As for belief that *all* CC customers will dutifully follow the rules, no, I'm not that naive, but really, true spammers utilize much more efficient modes of transmitting their spew, and they wouldn't be likely to pay a reputable ESP like CC based on their list size. I have never, ever received a single piece of spam sent through CC, period. That's one reason I'm in favor of reputable ESPs being treated a little differently by the spam-fighting community. A "one size fits all" solution to fighting spam is silly, and I'm much more about practical compromises where everyone wins. Right now, many of us are losing.
02-21-2012 11:30 AM
Bad news! Today (Tuesday morning, 2/21), FOUR of the outbound CC servers are listed on SpamCop:
So, until those listings expire, our odds of having delivery problems are significantly increased. I'll warn my communications team not to broadcast anything until there are fewer servers affected.
02-21-2012 11:42 AM
Figures, I sent a newsletter out this morning and it has one the highest bounce rates I've ever had. I know that many of these people that are listed under Non-existant address really do have a good email address.

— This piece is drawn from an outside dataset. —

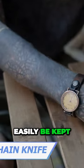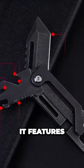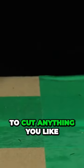This toolbox can easily be kept on your keychain. Yep, this EDC fan's knife is that small, yet it features 8 tools you might need one day. First, there's a foldable knife to cut anything you like.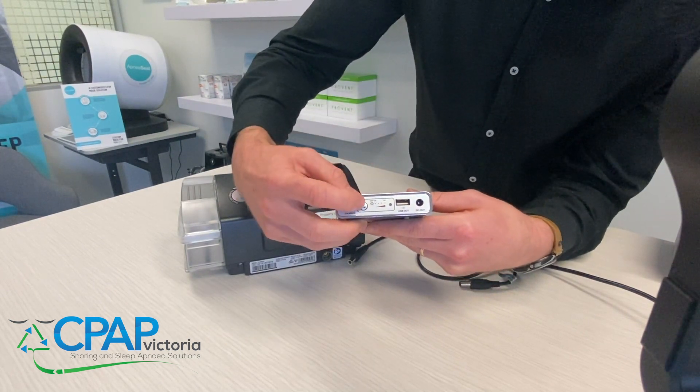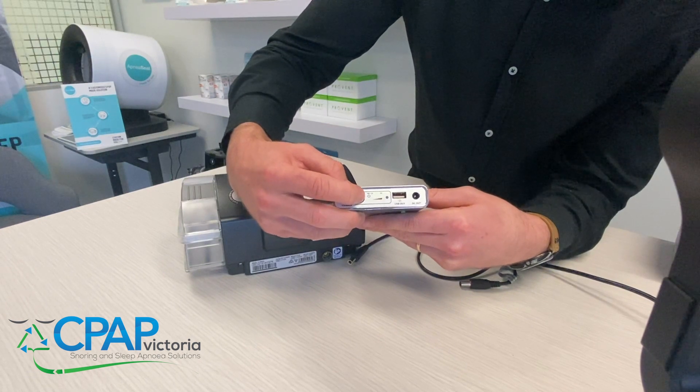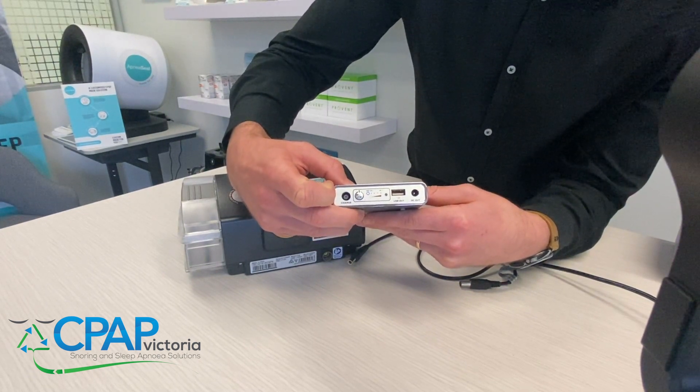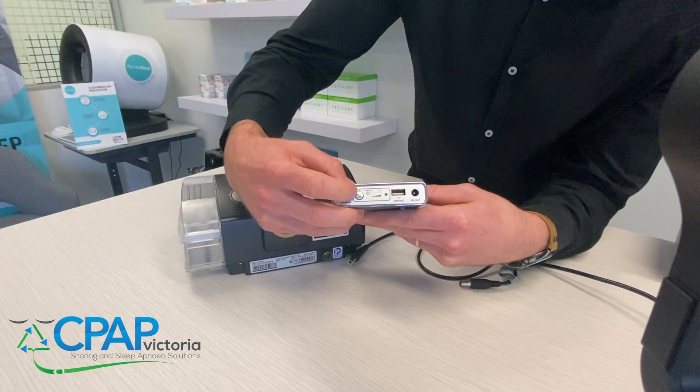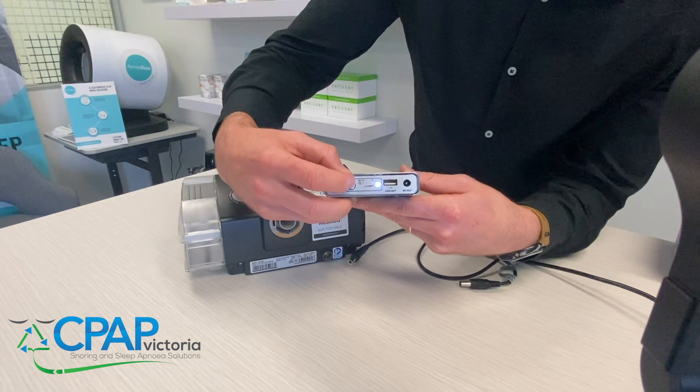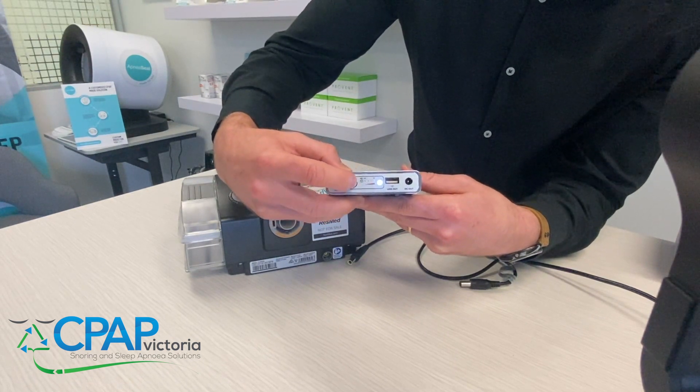You've also got a little button here just next to the charging port — you push it once and it'll illustrate how much charge you've got left on the battery. The other cool feature is you push and hold it and a little LED light will turn on, so you can use this as a torch in the middle of the night if you need to.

/me tosses money in the wind again.
02-21-2012 12:38 PM
Just to clarify--the issue with people being listed as "non-existent" (in a somewhat misleading manner, IMO) doesn't have anything to do with this SpamCop problem. If you can contact those people successfully outside of CC, then contact CC support, you can get them restored do being deliverable.
02-22-2012 03:08 PM
We just got bit by this yet again. We sent out a brief notice about the death of one of our retired pastors, and because it happened to get routed out through ccm27.constantcontact.com, one of the two servers on SpamCop's Blocklist today, an unknown number of our recipients won't know that this person has died, won't tell their church members, won't be able to send cards and flowers, and won't attend the memorial service. I guess we shouldn't be using CC for important notifications? Just frivolous marketing messages? Not happy here in Phoenix.
02-23-2012 02:29 PM
Update: My department wants to send out some announcements via CC today, but there are currently three CC servers on the SpamCop blocklist:
and I just dragged an announcement (broadcast using CC) from another church-based organization out of my junk folder because it got sent through one of those thrree servers. This situation has now officially gotten worse again, after being a bit better in December/January.
Please, CC, the house is on fire--call the fire department (or at least get in touch with Cisco/Ironport and see if they can get control over their rogue SpamCop operation).